Leaving out the pictures, reproduce each record exactly and in full.

-----

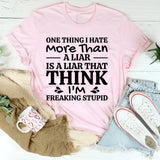 One Thing I Hate More Than a Liar Is a Liar That Thinks I’m Freaking Stupid T-Shirt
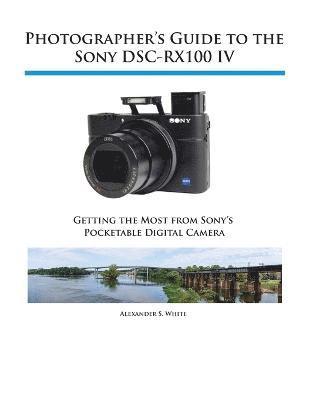 Photographer's Guide to the Sony DSC-RX100 IV av Alexander S White, Alexander S White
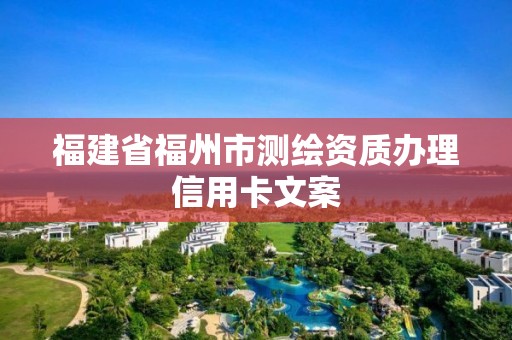 福建省福州市测绘资质办理信用卡文案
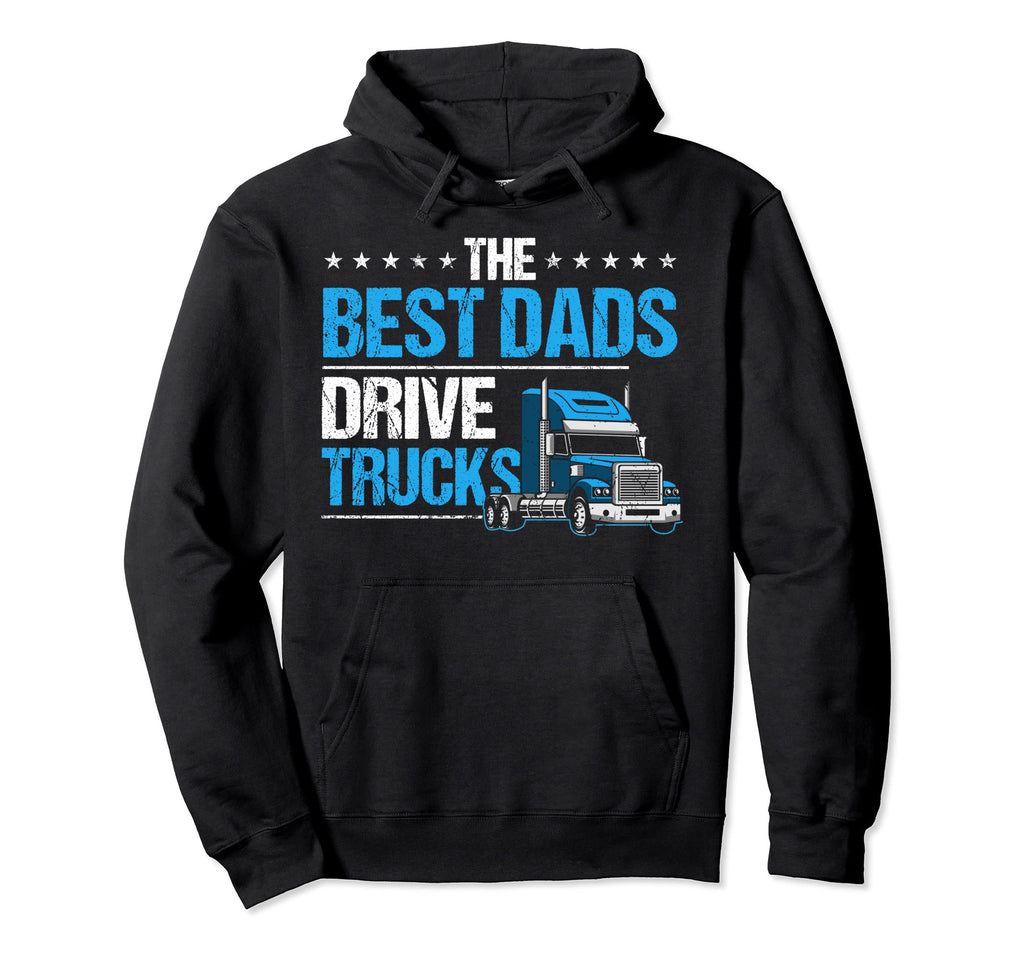 Best Dads Drive Trucks Happy Fathers Hoodie - Custom Art Print for Adults - T-Shirt, Sweatshirt, Hoodie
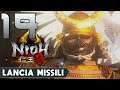 NIOH 2 ► GAMEPLAY ITA [#19] - LANCIA MISSILI - PS4 PRO
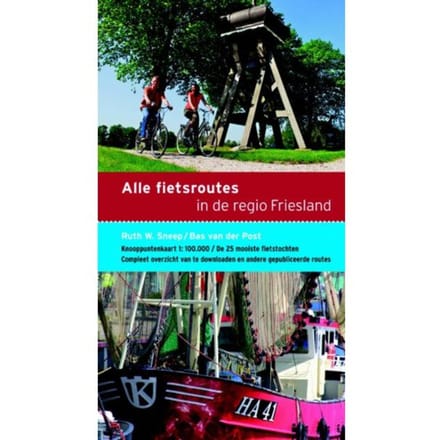 Alle Fietsroutes / In De Regio Friesland - Ruth Sneep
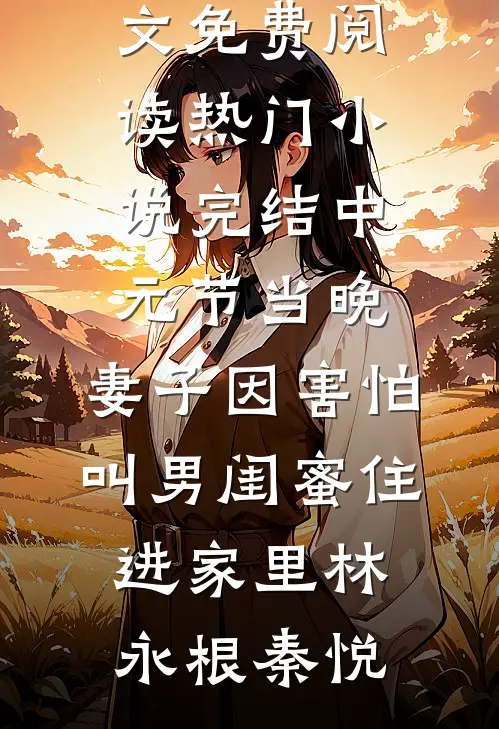 中元节当晚，妻子因害怕叫男闺蜜住进家里(林永根秦悦)小说全文免费阅读_热门小说完结中元节当晚，妻子因害怕叫男闺蜜住进家里(林永根秦悦)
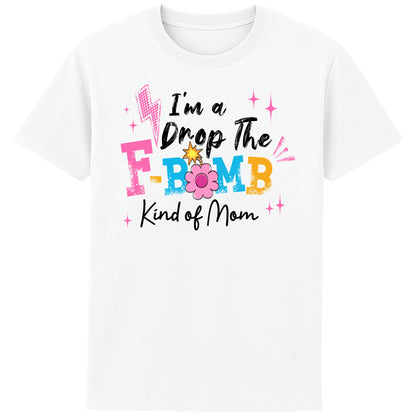 "White t-shirt with colorful text reading ‘I’m a Drop the F-Bomb Kind of Mom’ with sparkles, lightning bolts, and flower graphic."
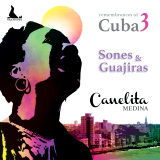 Canelita Medina - Remembrances of Cuba 3 - Sones y Guajiras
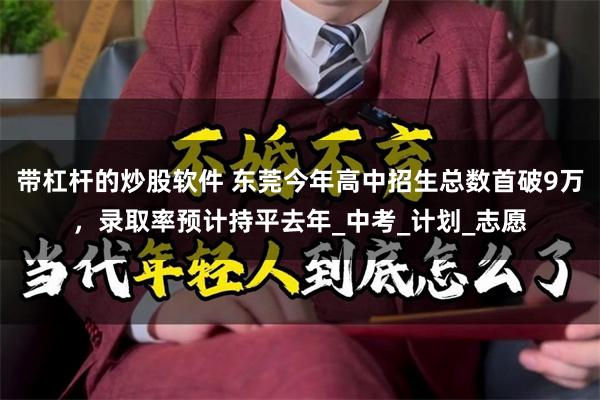 带杠杆的炒股软件 东莞今年高中招生总数首破9万，录取率预计持平去年_中考_计划_志愿
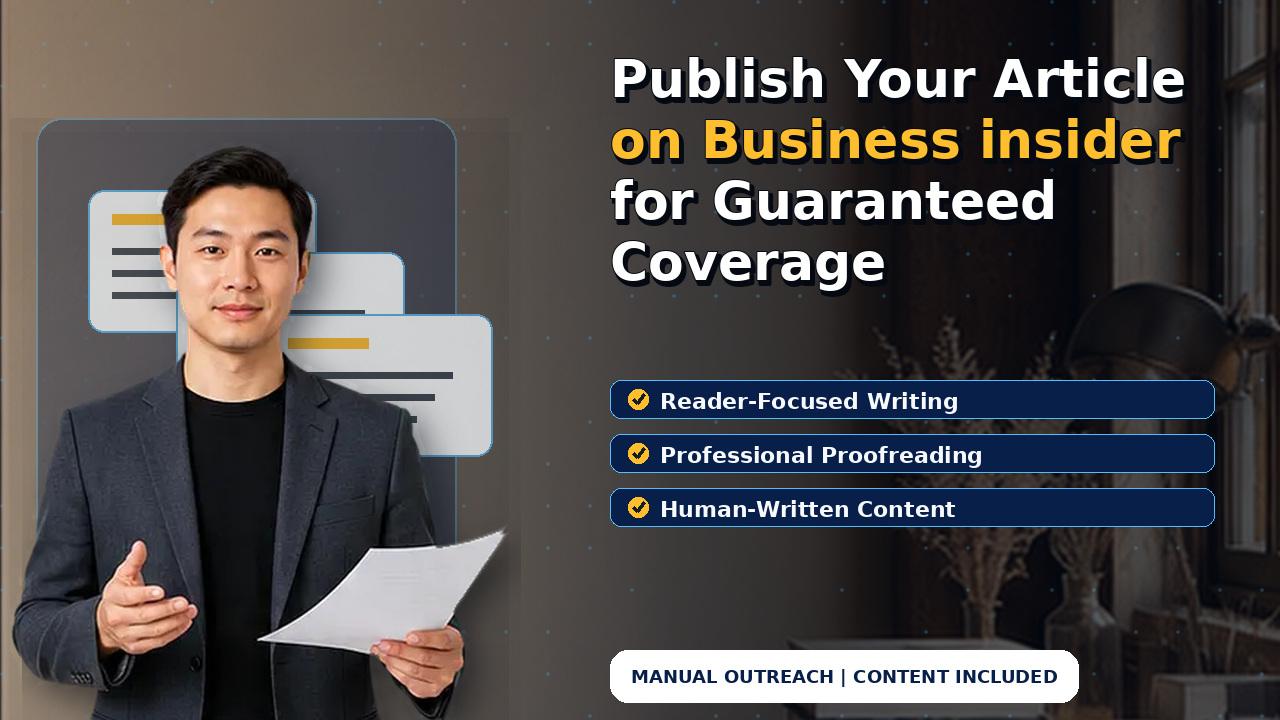 Publish Your Article on Business insider for Guaranteed Coverage
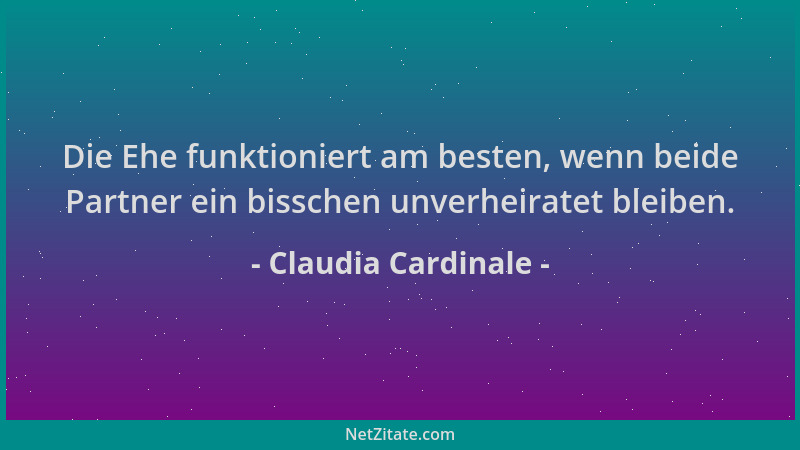 Claudia Cardinale - Die Ehe funktioniert am besten, wenn beide Partner ein bisschen unverheiratet bleiben....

-----

◆ **Answer box**
 One Thing I Hate More Than a Liar Is a Liar That Thinks I’m Freaking Stupid T-Shirt
 Photographer's Guide to the Sony DSC-RX100 IV av Alexander S White, Alexander S White
 福建省福州市测绘资质办理信用卡文案
 Best Dads Drive Trucks Happy Fathers Hoodie - Custom Art Print for Adults - T-Shirt, Sweatshirt, Hoodie
 NIOH 2 ► GAMEPLAY ITA [#19] - LANCIA MISSILI - PS4 PRO
 Alle Fietsroutes / In De Regio Friesland - Ruth Sneep
 中元节当晚，妻子因害怕叫男闺蜜住进家里(林永根秦悦)小说全文免费阅读_热门小说完结中元节当晚，妻子因害怕叫男闺蜜住进家里(林永根秦悦)
 "White t-shirt with colorful text reading ‘I’m a Drop the F-Bomb Kind of Mom’ with sparkles, lightning bolts, and flower graphic."
 Canelita Medina - Remembrances of Cuba 3 - Sones y Guajiras
 带杠杆的炒股软件 东莞今年高中招生总数首破9万，录取率预计持平去年_中考_计划_志愿
 Publish Your Article on Business insider for Guaranteed Coverage
 Claudia Cardinale - Die Ehe funktioniert am besten, wenn beide Partner ein bisschen unverheiratet bleiben....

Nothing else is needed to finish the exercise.